In Metamorphoses the Roman poet Ovid writes that Arachne was a shepherd's daughter who began weaving at an early age. She became a great weaver, boasted that her skill was greater than Athena's, and refused to acknowledge that her skill came, at least in part, from the goddess. Athena took offense and set up a contest between them. Presenting herself as an old lady, she approached the boasting girl and warned: "You can never compare to any of the gods. Plead for forgiveness and Athena might spare your soul."

"Ha! I only speak the truth and if Athena thinks otherwise then let her come down and challenge me herself," Arachne replied. Athena removed her disguise and appeared in shimmering glory, clad in a sparkling white chiton. The two began weaving straight away. Athena's weaving represented four separate contests between mortals and the gods in which the gods punished mortals for setting themselves as equals of the gods. Arachne's weaving depicted ways that the gods, particularly Zeus, had misled and abused mortals, tricking, and seducing many women. When Athena saw that Arachne had not only insulted the gods but done so with a work far more beautiful than Athena's own, she was enraged. She ripped Arachne's work to shreds and hit her on the head three times
 Athena said,"Since you love weaving so much, you shall continue doing so for the rest of your life" After saying this she sprinkled her with the juice of Hecate's herb, and immediately at the touch of this dark poison, Arachne's hair fell out. With it went her nose and ears, her head shrank to the smallest size, and her whole body became tiny. Her slender fingers stuck to her sides as legs, the rest is belly, from which she still spins a thread, and, as a spider, weaves her ancient web."

The myth of Arachne can also be seen as an attempt to show relation between art and tyrannical power in Ovid's time. He wrote under the emperor Augustus and was exiled by him. At the time weaving was a common metaphor for poetry, therefore Arachne's artistry and Athena's censorship to it may offer a provocative allegory of the writer's role under an autocratic regime.

The tapestries 
Athena wove a tapestry with themes of hubris being punished by the gods, as a warning to Arachne against what she was doing, in each of its four corners. Those were Hera and Zeus transforming Rhodope and Haemus into the homonymous mountain ranges, Hera transforming Queen Gerana into a crane for daring to boast of being more beautiful than the queen of the gods, Hera again turning Antigone of Troy into a stork for competing with her, and finally Cinyras' daughter being petrified. Those four tales surrounded the central one, which was Athena and Poseidon's dispute on the areopagus over which would receive the city of Athens; Athena offered an olive tree, and Poseidon a saltwater spring (the Athenians eventually chose Athena). Finally, the goddess surrounded the outer edges with olive wreaths.
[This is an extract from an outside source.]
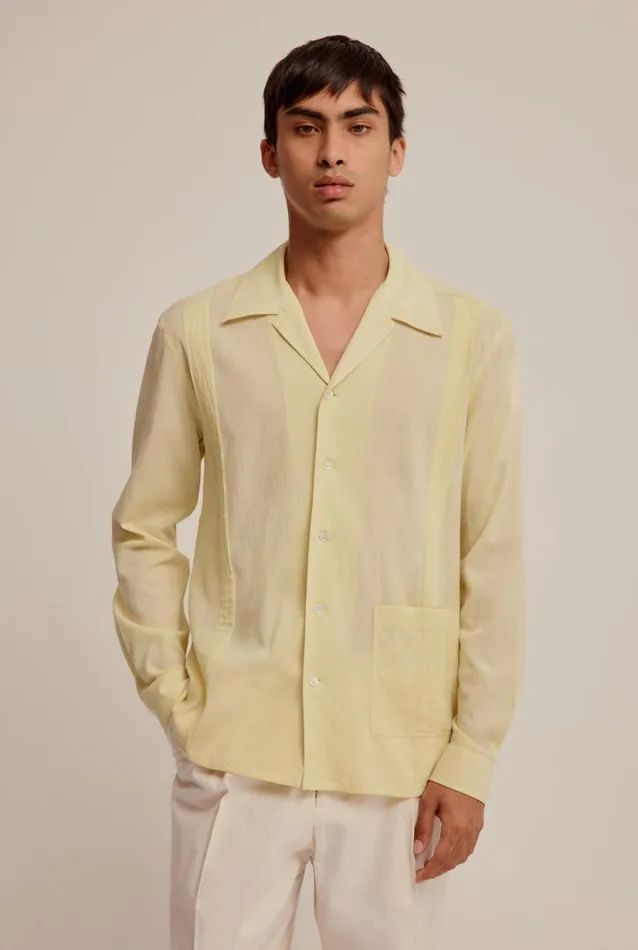 Man Venroy Shirts Long Sleeve Pin Stitch Seersucker Shirt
Arachne meanwhile chose to include several tales of male gods tricking and deceiving women by assuming other forms instead of their own. She depicted; Zeus transformed into a bull for Europa, an eagle for Asteria, a swan for Leda, a satyr for Antiope, Amphitryon for Alcmene, golden shower for Danaë, flame for Aegina, a shepherd for Mnemosyne, and a snake for Persephone. Poseidon transformed into a bull for Canace, Enipeus for Iphimedeia, a ram for Theophane, a horse for Demeter, a bird for Medusa, and a dolphin for Melantho. Apollo transformed into a shepherd for Issa, and further as a countryman, a hawk and a lion in three more obscure occasions, Dionysus as 'delusive grapes' for Erigone, and finally Cronus as a horse for Philyra. The outer edge of the tapestry had flowers interwoven with entangled ivy.

Other attestations 
In a rarer version, Arachne was a girl from Attica who was taught by Athena the art of weaving, while her brother Phalanx was taught instead martial arts by the goddess. But then the two siblings engaged in incestuous intercourse, so Athena, disgusted, changed them both into spiders, animals doomed to be devoured by their own young.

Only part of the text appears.